Bati par la famille bordelaise qui a déporté le plus d’Africains en Amérique, l’Hôtel Nairac continue de régner sur la vie des Ultramarins français mais aussi de nombreux migrants africains.
Issu d’une famille protestante du Tarn, les Nairac font souche à Bordeaux à partir du début du 18e siècle et prospèrent dans le négoce colonial, l’armement de bateaux, la possession de plantations esclavagistes et le raffinage de la canne à sucre.
Une grande partie de la fortune familiale est acquise grâce à Pierre-Paul Nairac, député du Tiers Etat aux États généraux de 1789 et associé avec son fils Laurent-Paul et son frère Élisée Nairac pour faire de l’armement maritime.
Durant 28 ans, de 1764 à 1792, les Nairac ont monté avec une régularité jamais atteinte à Bordeaux. 24 expéditions près de 30 % de toutes celles réalisées pour les colonies depuis 1750 dont 18 déportèrent plus de 8.000 Noirs. Ce qui les place en tête des négriers bordelais, selon l’historien Eric Saugera Bordeaux port négrier.
Le cas des Nairac est tellement emblématique que la revue Historia, dans un dossier sur «Les négriers français», y a même consacré un chapitre intitulé : Les Nairac, de la traite à la vigne.
Au milieu du 18e siècle, la famille possède une flotte de quatre navires, dont trois navires négriers et deux raffineries de sucre à Bordeaux dans le quartier Sainte-Croix (évoquées dans le cadre de notre parcours Quartiers de sucre.
Également ils possédaient un domaine (Habitation Nairac) en 1786, à l’île Bourbon (Saint-Pierre de la Réunion), dans la région du Tampon actuel, qui comprenait 414 esclaves, dont 98 enfants, 2 invalides et 24 domestiques.
Ils possédaient aussi plusieurs habitations à Saint-Domingue et percevront à partir de 1826 des indemnités compensatoires pour les propriétés qu’ils y ont perdu du fait de la proclamation de l’Indépendance d’Haïti « rançon de l’indépendance ».
L’HOTEL NAIRAC 1777
Avec les profits tirés de ces activités, Pierre-Paul Nairac fait bâtir entre 1775 et 1777 un hôtel particulier à Bordeaux, dénommé « Hôtel Nairac », selon les plans dressés par l’architecte Victor Louis. Le coût de la construction est de 233 000 livres, équivalents à plus de 2,6 millions d’euros d’aujourd’hui.
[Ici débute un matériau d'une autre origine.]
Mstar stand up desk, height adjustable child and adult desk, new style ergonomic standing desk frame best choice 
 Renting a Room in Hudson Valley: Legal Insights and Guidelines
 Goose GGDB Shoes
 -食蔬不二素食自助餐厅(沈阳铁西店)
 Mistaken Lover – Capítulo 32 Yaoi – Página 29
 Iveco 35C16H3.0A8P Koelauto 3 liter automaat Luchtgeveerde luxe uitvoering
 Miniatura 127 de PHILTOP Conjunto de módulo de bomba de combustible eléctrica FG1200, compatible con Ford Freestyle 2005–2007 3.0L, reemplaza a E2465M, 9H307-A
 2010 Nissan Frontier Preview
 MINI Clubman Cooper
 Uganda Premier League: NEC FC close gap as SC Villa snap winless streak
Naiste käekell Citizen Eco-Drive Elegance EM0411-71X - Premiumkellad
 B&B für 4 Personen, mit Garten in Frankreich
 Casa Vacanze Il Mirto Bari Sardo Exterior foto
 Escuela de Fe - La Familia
Sous la Révolution, Nairac revend en 1792 cet hôtel à des négociants.
LA COUR ADMINISTRATIVE D’APPEL
Il est intéressant de noter que cet Hôtel particulier est, depuis le 23 décembre 1999, le siège de la Cour administrative d’appel de Bordeaux et qui juge aussi en appel, depuis le 19e siècle, de toutes les affaires des anciennes colonies esclavagistes de la Guadeloupe, la Guyane, la Martinique, La Réunion, Mayotte, Saint-Barthélemy, Saint-Martin et Saint-Pierre-et-Miquelon.
En qu’en 2020, la Cour a jugé de 4 295 affaires dont la moitié concerne « l’entrée et le séjour des étranges et du droit d’asile »
Sur son site web, la Cour indique que «Eu égard à ses origines et son histoire, ce bâtiment est un rappel permanent, pour ceux qui y travaillent, magistrats et agents de greffe, comme pour ceux qui le fréquentent, avocats et citoyens, de la nécessité de préserver les droits et la dignité de la personne humaine.»
LE CHATEAU BARSAC
Elisée, le cadet, va lui acquérir un domaine viticole à Barsac sur lequel il fit édifier le château qui porte encore aujourd’hui son nom et qui continue son activité.
Pierre-Paul et Élisée Nairac réclameront à plusieurs reprises un anoblissement au pouvoir royal, en récompense de son zèle négrier, mais celui-ci lui sera toujours refusé en raison de sa religion protestante. Initié à la loge de l’Amitié, où se retrouvaient les armateurs bordelais, Nairac appartenait à la franc-maçonnerie bordelaise.